According to PER-43/PJ/2010, the application of these methods is not an option but should be done hierarchically (hierarchy of method). Firstly begins by applying Comparable Uncontrolled Price (CUP) Method in accordance with appropriate conditions. If the CUP method is not appropriate to be applied, it shall apply the Resale Price Method (RPM) or Cost-Plus Method (CPM) in accordance with the appropriate conditions. If RPM or CPM is not appropriate to apply, Profit Split Method (PSM) or the Transactional Net Margin Method (TNMM) can be applied.
Well,Director General of Taxes Regulation No.  PER-32/PJ/2011 corrected the usage of this method and replaced it with The Most Appropriate Method. Thus, taxpayers do not need to try each method of transfer pricing in a hierarchical manner, but directly using the most appropriate method according to appropriate conditions.

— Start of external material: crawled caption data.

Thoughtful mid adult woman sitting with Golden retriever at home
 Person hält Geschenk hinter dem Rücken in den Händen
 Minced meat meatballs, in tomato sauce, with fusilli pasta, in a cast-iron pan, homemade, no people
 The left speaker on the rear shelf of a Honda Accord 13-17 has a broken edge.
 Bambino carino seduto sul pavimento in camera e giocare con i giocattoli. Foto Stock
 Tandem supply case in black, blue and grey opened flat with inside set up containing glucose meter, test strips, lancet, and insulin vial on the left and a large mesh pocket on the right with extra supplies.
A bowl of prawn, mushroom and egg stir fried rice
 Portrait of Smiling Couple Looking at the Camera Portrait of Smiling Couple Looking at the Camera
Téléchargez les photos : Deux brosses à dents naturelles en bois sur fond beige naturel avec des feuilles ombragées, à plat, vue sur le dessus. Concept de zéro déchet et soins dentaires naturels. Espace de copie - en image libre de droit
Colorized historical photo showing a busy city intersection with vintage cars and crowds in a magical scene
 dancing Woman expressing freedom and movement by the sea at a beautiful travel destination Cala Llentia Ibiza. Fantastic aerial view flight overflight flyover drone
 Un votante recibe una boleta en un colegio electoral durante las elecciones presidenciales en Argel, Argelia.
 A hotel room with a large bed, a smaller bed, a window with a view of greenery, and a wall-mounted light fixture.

This change is actually in line with changes in the OECD Transfer Pricing Guidelines. Yes, the OECD through OECD Transfer Pricing Guidelines for Multinational Enterprises and Tax Administration July 2010 had indeed left the hierarchy of methods and switch to using the most appropriate method.
Summary
The practice of transfer pricing in Multinational Enterprisis (MNE’s) can potentially lower our tax revenues. Companies that operate globally with related party relationship can lower taxable income in Indonesia. To prevent this matter, Indonesia has actually had anti tax avoidance provisions related to transfer pricing in Article 18 paragraph (3) Income Tax Law. Its implementation is the Director General of Taxes Regulation No. PER-43/PJ/2010 as amended by PER-31/PJ/2011.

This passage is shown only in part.